Mah, ci andrei prudente. Il Papa dice questo: «Concentrarsi solo sul profilattico vuol dire banalizzare la sessualità, e questa banalizzazione rappresenta proprio la pericolosa ragione per cui tante e tante persone nella sessualità non vedono più l’espressione del loro amore, ma soltanto una sorta di droga, che si somministrano da sé. Perciò anche la lotta contro la banalizzazione della sessualità è parte del grande sforzo affinché la sessualità venga valutata positivamente e possa esercitare il suo effetto positivo sull’essere umano nella sua totalità. Vi possono essere singoli casi giustificati, ad esempio quando una prostituta utilizza un profilattico, e questo può essere il primo passo verso una moralizzazione, un primo atto di responsabilità per sviluppare di nuovo la consapevolezza del fatto che non tutto è permesso e che non si può far tutto ciò che si vuole. Tuttavia, questo non è il modo vero e proprio per vincere l’infezione dell’Hiv. È veramente necessaria una umanizzazione della sessualità». Si ammettono i “singoli casi”, suppongo per ragioni igieniche, ma di sicuro non come forma contraccettiva. La Chiesa non ammette il controllo delle nascite se non attraverso l’astinenza, in questo caso un sacrificio che corrisponde a un atto d’amore. Su questo punto Benedetto non arretra di un passo. Altrove la Chiesa ha prodotto una documentazione imponente – in termini numerici - per dimostrare che il preservativo, come mezzo per contenere la diffusione dell’Aids, è inefficace. Anzi: illudendo che sia praticabile una sessualità irresponsabile (cioè che esclude in partenza la procreazione ed ha come propria finalità solo il piacere) il preservativo è un incoraggiamento alla diffusione delle malattie.

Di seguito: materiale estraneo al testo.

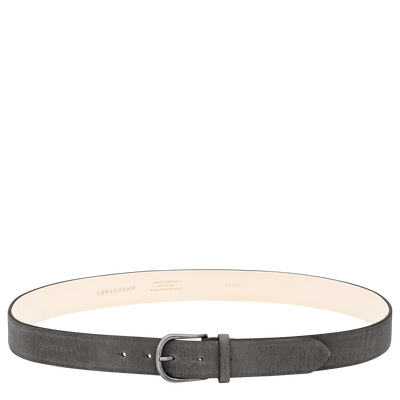 Men's belt , Graphite - Leather
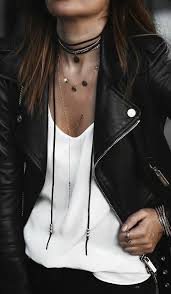 Womens Motorcycle Style Black Faux Leather Moto Jacket Fashion Outfit Inspirations Womens Fashion Trends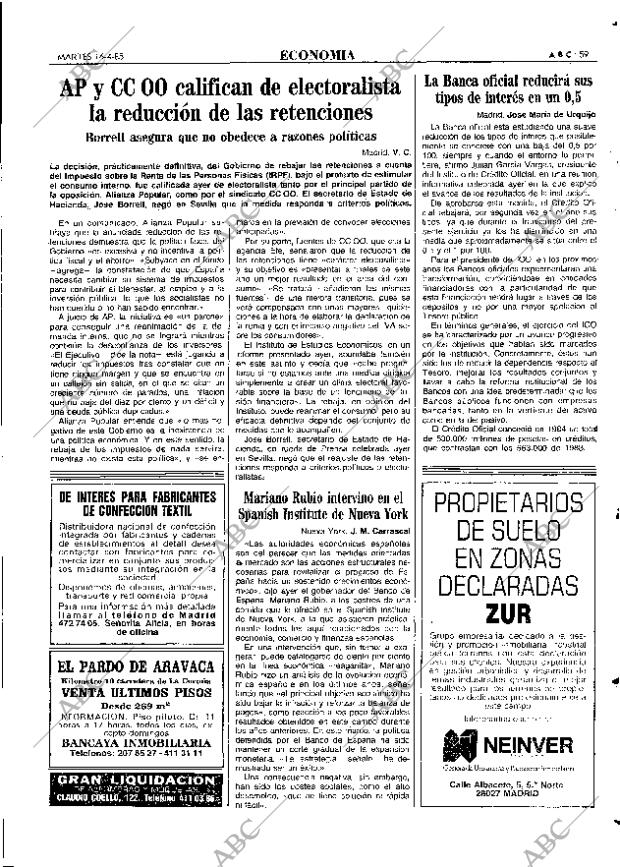 ABC MADRID 16-04-1985 página 59
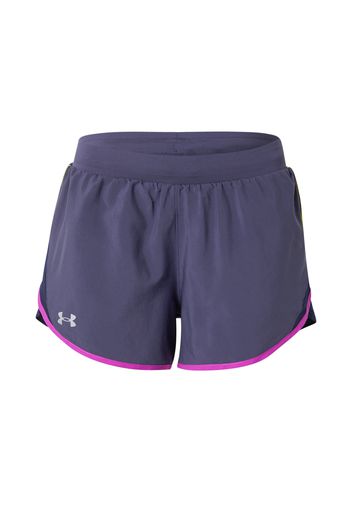 UNDER ARMOUR Pantaloni sportivi 'Fly By 2.0'  prugna / fucsia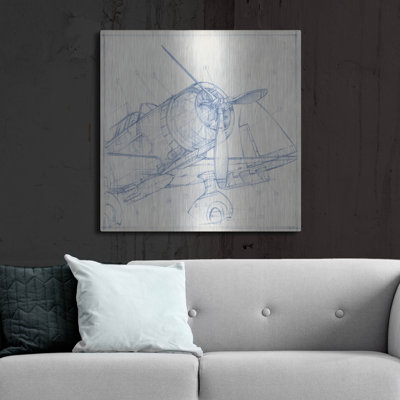 "Croquis mécanique d'avion I" par Ethan Harper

• Non è, alla fine, un punto di vista sessuofobico?
Il sesso senza amore, il sesso cioè fine a se stesso, è, secondo Benedetto, una droga. E il Papa, in un altro punto del libro, denuncia proprio il bisogno di droga dell’Occidente: «È sorta una fame di felicità che non riesce a saziarsi con quello che c’è; e che poi si rifugia per così dire nel paradiso del diavolo e distrugge completamente l’uomo». È un discorso che va inserito all’interno della critica alla modernità e al progresso: «La modernità ha cercato la propria strada guidata dall’idea di progresso e da quella di libertà. Ma cos’è il progresso? Oggi vediamo che il progresso può essere anche distruttivo. Per questo dobbiamo riflettere sui criteri da adottare affinché il progresso sia veramente progresso».
• Di aborto non parla?
Non nelle anticipazioni dell’“Osservatore”. Ma, relativamente alle donne, c’è uno stralcio di un discorso intorno al sacerdozio femminile, definito impossibile: si tratta di un atto di obbedienza a Colui che ha fondato la Chiesa. Benedetto esalta tuttavia il ruolo femminile «talmente eminente che per molti versi le donne definiscono il volto della Chiesa più degli uomini».
• Sulla pedofilia?
Sì, ne parla. «I fatti non mi hanno colto di sorpresa del tutto […] ma le dimensioni furono comunque uno schock enorme […] Vedere il sacerdozio improvvisamente insudiciato in questo modo, e con ciò la stessa Chiesa Cattolica, è stato difficile da sopportare. In quel momento era importante però non distogliere lo sguardo dal fatto che nella Chiesa il bene esiste, e non soltanto queste cose terribili». In altra occasione, il Pontefice aveva spiegato che la Chiesa convive col peccato fin dalle origini. Il punto che potrebbe suscitare nuove polemiche riguarda però gli ebrei.
• Che cosa dice?
Riguarda la modifica – per il rito tradizionalista – della preghiera per il venerdì santo in cui si invoca la conversione del Venerdì santo. I rabbini protestarono, dicendo che la Chiesa insisteva ancora nella volontà di convertirli. Benedetto nel libro respinge questa interpretazione: «L’ho modificata in modo tale […] che non si pregasse direttamente per la conversione degli ebrei in senso missionario, ma perché il Signore affretti l’ora storica in cui noi tutti saremo uniti. Per questo gli argomenti utilizzati da una serie di teologi polemicamente contro di me sono avventati e non rendono giustizia a quanto fatto». [Giorgio Dell’Arti, Gazzetta dello Sport 21/11/2010]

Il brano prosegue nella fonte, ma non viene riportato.